--- Task requirements ---
An exact copy of the lines of the listing below between the "Başkan Aras Marmaris" line and the "Waldfreunde Fuchs-Raccoon-Vater T-Shirt" line, both included, is the whole answer; please omit the pictures.

---------- Records provided ----------

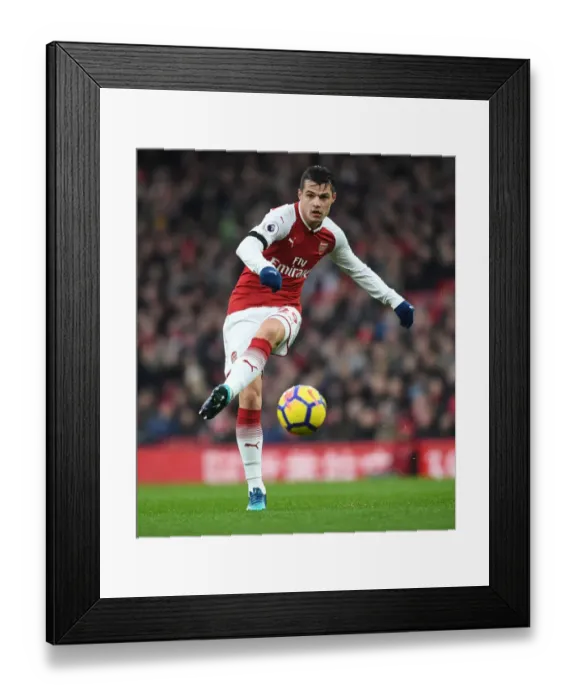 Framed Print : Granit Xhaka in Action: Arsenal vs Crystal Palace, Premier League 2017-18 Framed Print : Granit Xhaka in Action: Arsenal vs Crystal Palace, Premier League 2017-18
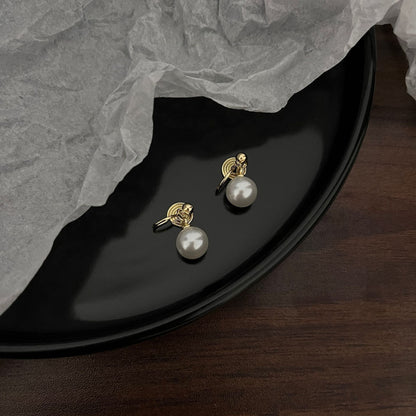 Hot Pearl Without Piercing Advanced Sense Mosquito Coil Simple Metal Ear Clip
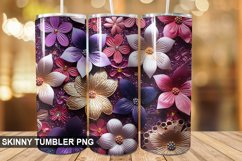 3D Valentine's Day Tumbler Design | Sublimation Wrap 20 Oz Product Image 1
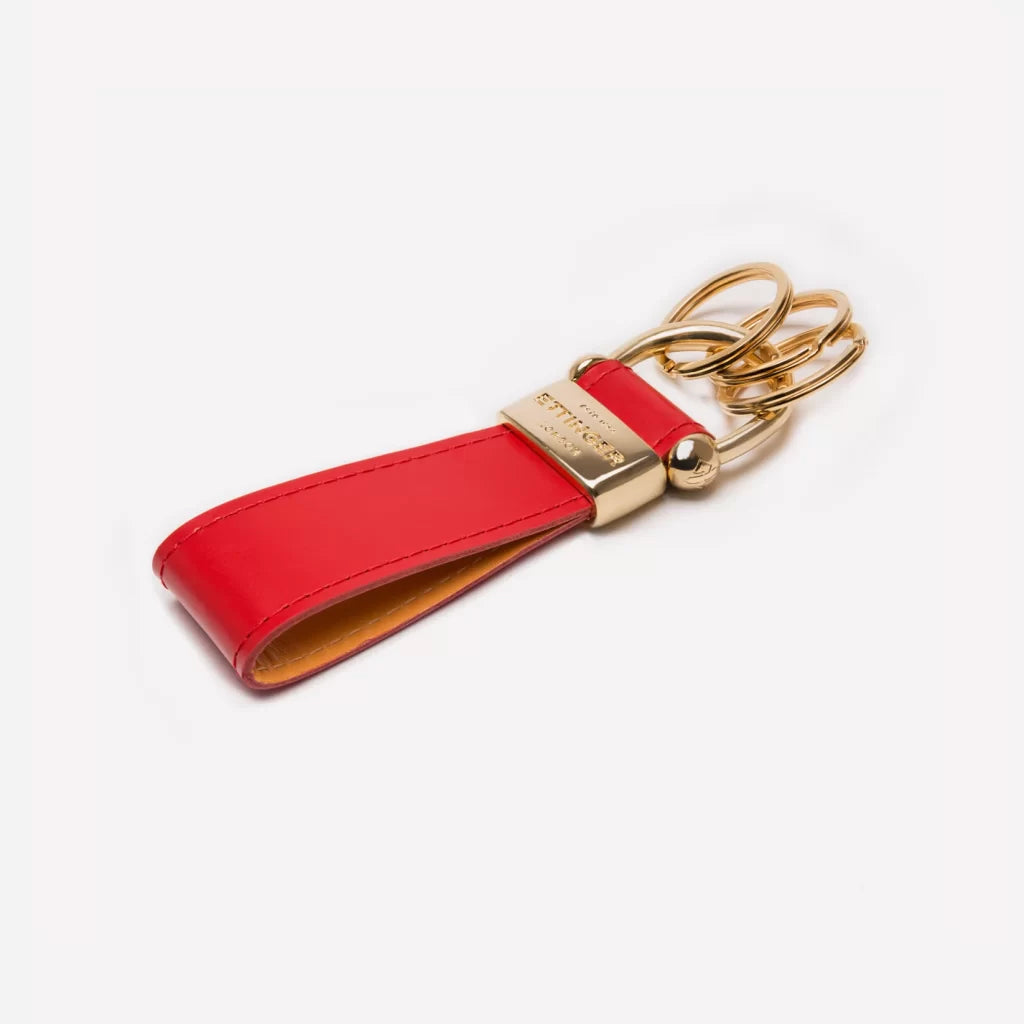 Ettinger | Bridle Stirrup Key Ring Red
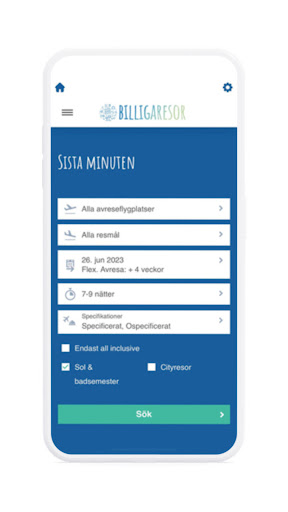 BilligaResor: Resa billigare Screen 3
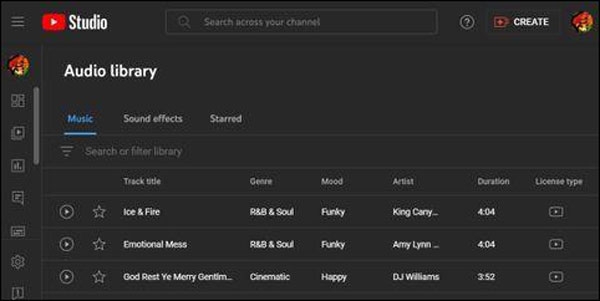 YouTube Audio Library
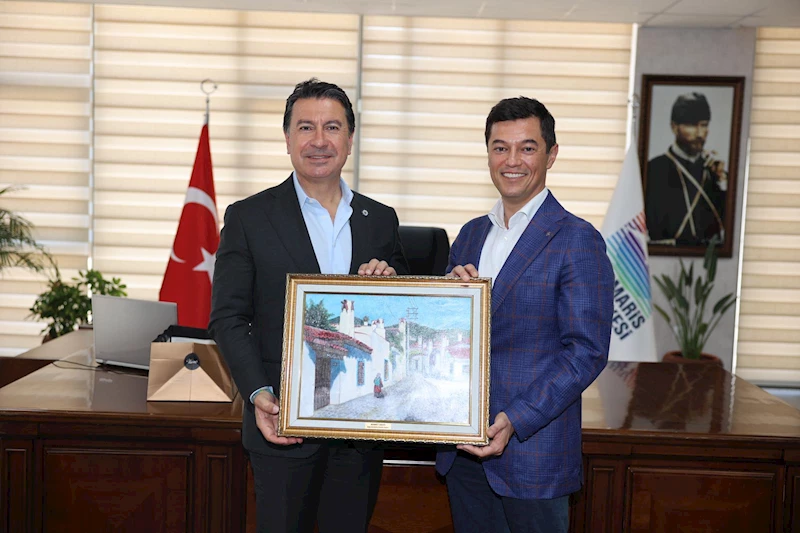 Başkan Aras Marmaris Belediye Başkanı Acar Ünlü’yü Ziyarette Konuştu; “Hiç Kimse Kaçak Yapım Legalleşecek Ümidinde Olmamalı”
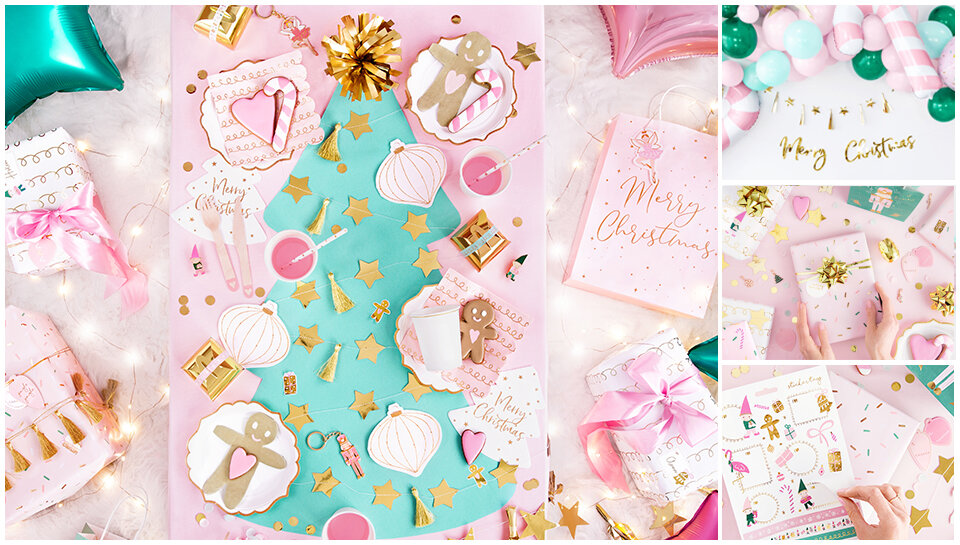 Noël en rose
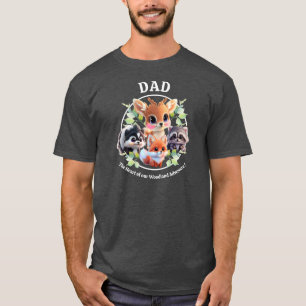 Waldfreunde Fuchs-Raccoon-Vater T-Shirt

----------
---------- Records provided ----------

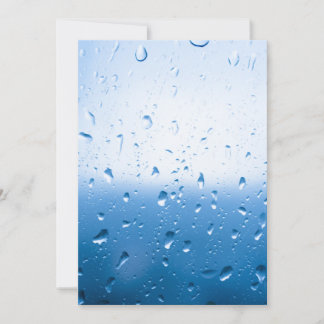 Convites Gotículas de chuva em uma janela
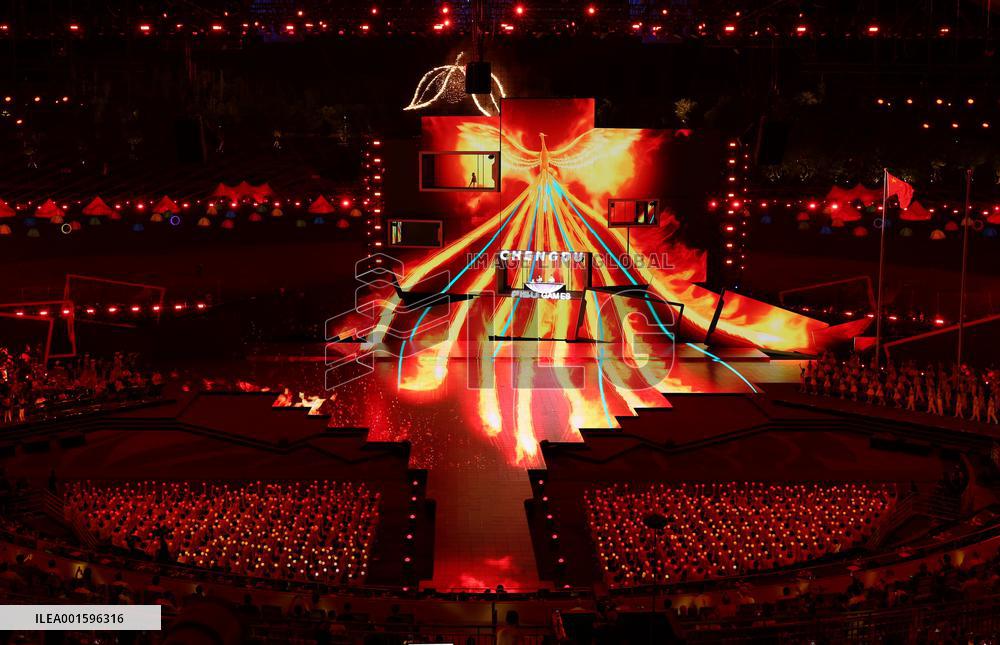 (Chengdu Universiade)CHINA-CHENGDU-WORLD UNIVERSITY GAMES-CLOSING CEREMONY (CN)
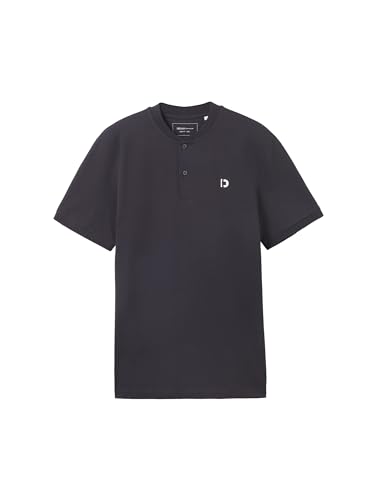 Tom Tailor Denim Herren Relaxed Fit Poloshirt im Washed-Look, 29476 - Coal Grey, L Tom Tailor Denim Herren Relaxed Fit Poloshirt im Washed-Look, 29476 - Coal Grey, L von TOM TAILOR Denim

----------

--- Answer section ---
 Başkan Aras Marmaris Belediye Başkanı Acar Ünlü’yü Ziyarette Konuştu; “Hiç Kimse Kaçak Yapım Legalleşecek Ümidinde Olmamalı”
 Noël en rose
 Waldfreunde Fuchs-Raccoon-Vater T-Shirt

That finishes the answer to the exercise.